Однажды жена писателя объявила в коммунальной кухне:
– Мы съезжаем. Нам дают отдельную квартиру.
Все застыли с крышками, сковородками, тряпками. Кто бы мог подумать, что именно Мыльникову повезет раньше всех? Жена писателя смотрела победоносно, с недосягаемой высоты отдельного туалета.
– Куня, – сказала она напоследок, – похлопочите нашу комнату для себя, а в своей оставьте беременную племянницу. И не будет у вас проблемы с новыми соседями.
Несказанное предложение! Это же почти счастье! Ерунда!

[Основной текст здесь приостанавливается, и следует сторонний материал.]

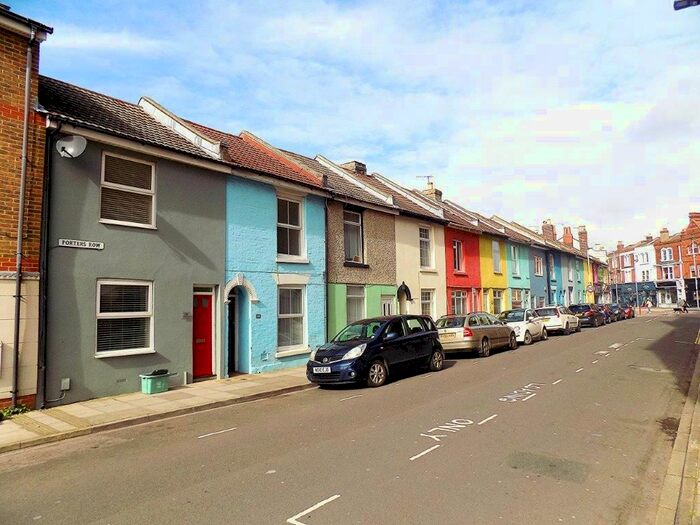 3 Bedroom Terraced House To Rent In Exmouth Road, Southsea PO5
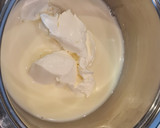 Foto del paso 2 de la receta: Flan de queso Philadelphia y nata sin horno
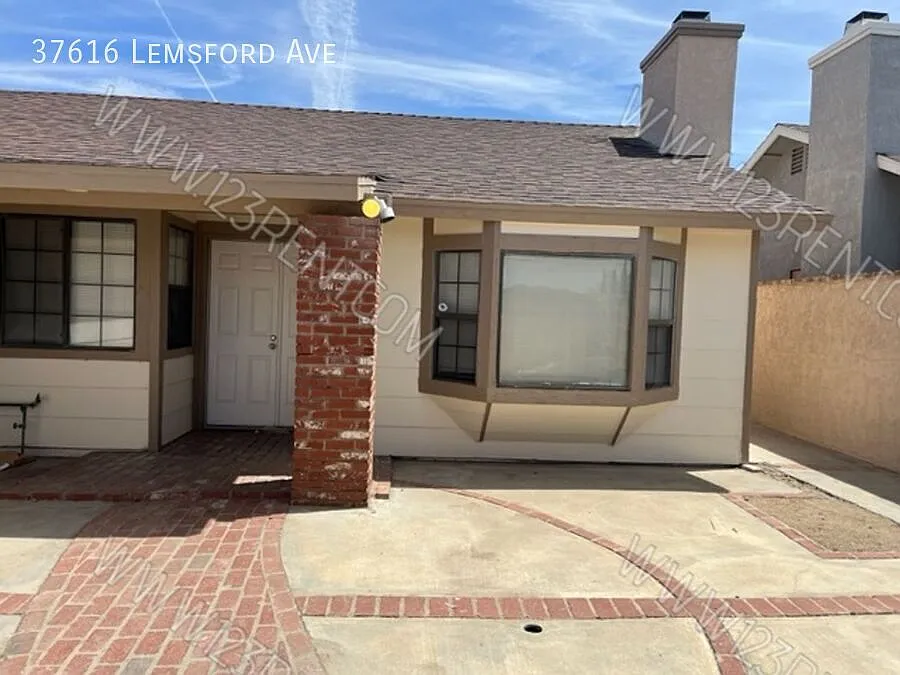 Recently Rehabbed 3bd/2 Bath Single Story Home Palmdale East — Photo 3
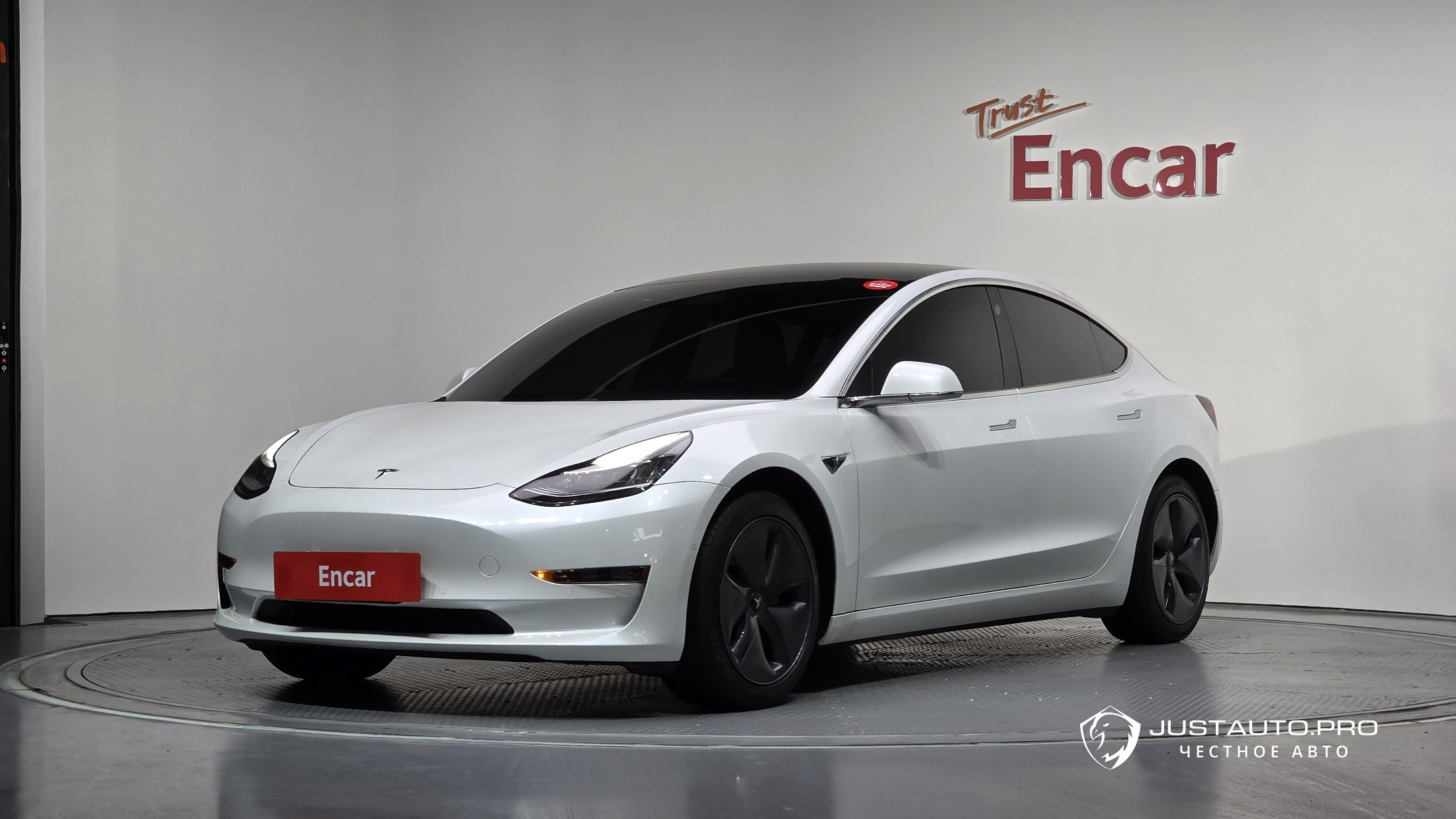 Автомобиль Tesla Model 3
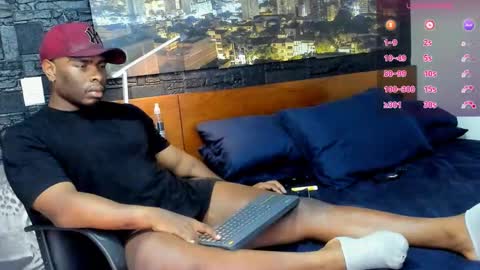 Snapshot of thomas_santtos01 chatting on 02/12/25, 08:29 thomas Santtos online show from 02/12/25, 08:29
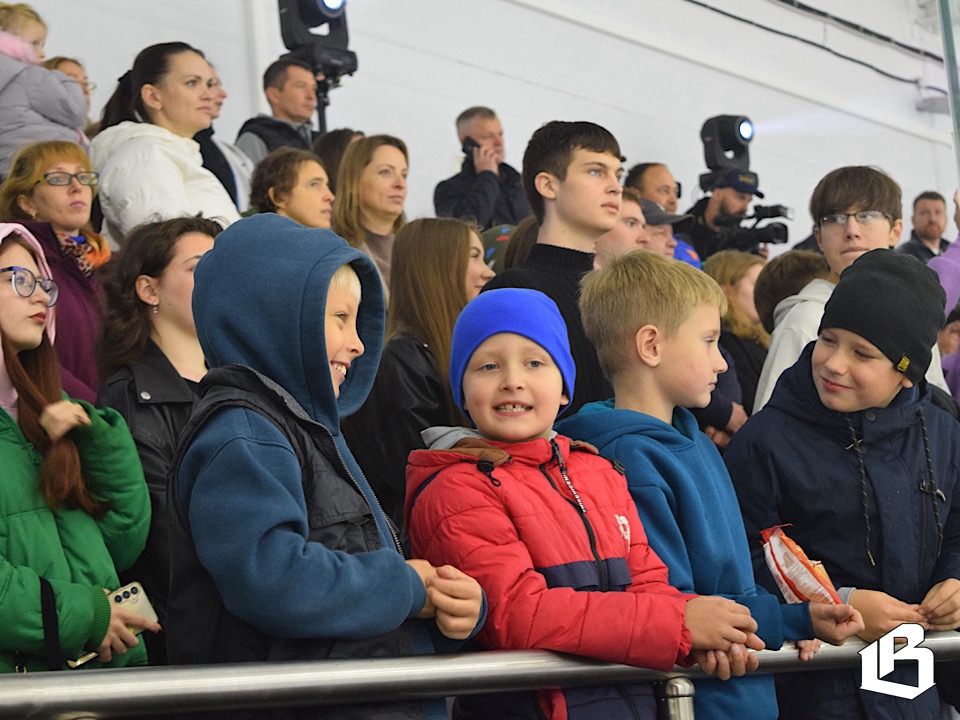 Областная сборная стартовала в Национальной Молодёжной хоккейной лиге с проигрыша при достойной игре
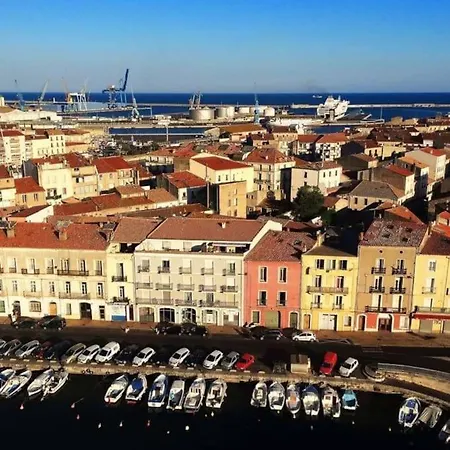 Maison De Charme à Appartement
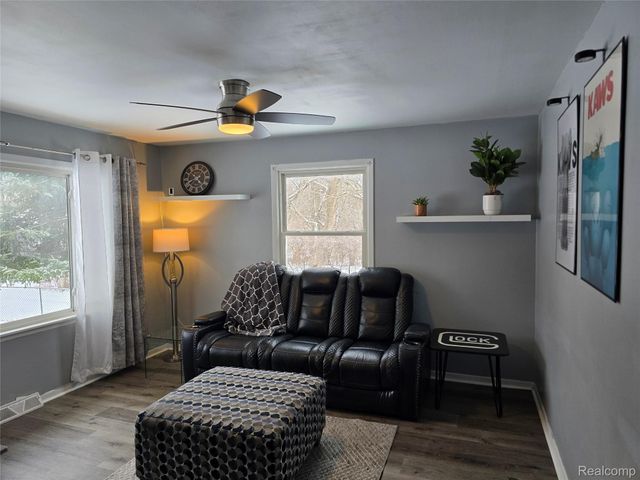 2719 Deland Road, Waterford Charter Township, MI 48329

Это абсолютное счастье!
– Я никого ни о чем просить не буду, – сказала Куня. – Мне ничего не надо. Вы уж меня простите, вы как-нибудь сами, ребятки, сами… В этой жизни я не прошу…
В освободившуюся комнату въехала шестидесятилетняя старуха с кашлем. Целыми сутками из комнаты неслись булькающие, будто предсмертные, хрипы.
Она жива до сих пор.
В конце концов можно было уйти на частную квартиру. Тогда в Москве было много старых домиков, многие из Нининых знакомых снимали комнаты в таких полубараках. Был другой путь. Уехать на годик-другой из Москвы, к Нининой маме. Но Нина боялась оставлять Женьку. Именно беременность вызвала в ней какую-то болезненно-слезливую любовь к нему. Она висла на нем, облизывала его, сюсюкала. Его явно коробило это ее постоянное требование каких-то слов, неудовлетворенность доказательствами его любви и прочее, прочее… Она не поехала к маме. Они не сняли квартиру. «Вот тебе, вот тебе!» – думала она тогда, идя в больницу. Это был поздний, трудный аборт с воспалением и осложнениями.
У нее был низкий гемоглобин, высокая РОЭ, громадное количество лейкоцитов, вся формула крови говорила за патологию. Врач сказал: «Ребенок? Вряд ли…»
Было ни с чем не сравнимое ощущение приобретенного уродства. Казалось, все видят, что она калека. И это нельзя скрыть. Как отсутствие глаза. Почему-то изменился голос. На самую маленькую фразу ей стало не хватать дыхания. В любом предложении ее поджидал этот пугающий всхлип, после которого из нее выходил скрипучий, резкий, будто пропущенный через плохую запись, звук.
Изменилась походка – сместился центр тяжести.
Странное чувство вызывали и люди. Она знала их до дна. В них не то что не было теперь тайны… в них просто не стало смысла. Ни в ком. Они кричали что-то друг другу сквозь закрытые окна, глупый их крик, звеня, пробивал стекло, и его ловили, кивали головами, радовались. Чему?
Она не кричала. Она смотрела на них молча. На Женьку и Куню.
Забирала ее одна Куня.
В погоне за лекарствами для Нины Женька поскользнулся и сломал ногу.
Как раз в это время в их НИИ завершалась очень важная для него работа. Но он надолго вышел из строя, и это позволило его товарищам элегантно отстранить его от авторства. У него началась депрессия. Он стал желчен, противен, он ходил по материной комнатке на костылях, вонзая их в пол с такой силой, что живущие под ними написали телегу в домоуправление. В том Нинином состоянии, когда мир предстал перед ней во всей нехитрой ясности, Женька выглядел просто облупленным яичком. Она боялась на него смотреть, так ярок он был. Женька от этого еще больше свирепел.
Он возненавидел свою сломанную ногу.
Нину как первопричину…
Этого нерожденного ребенка, из-за которого…
Он все время об этом только и говорил.
Как-то вяло и спокойно подумалось о разводе. Потому что ничто уже не связывает.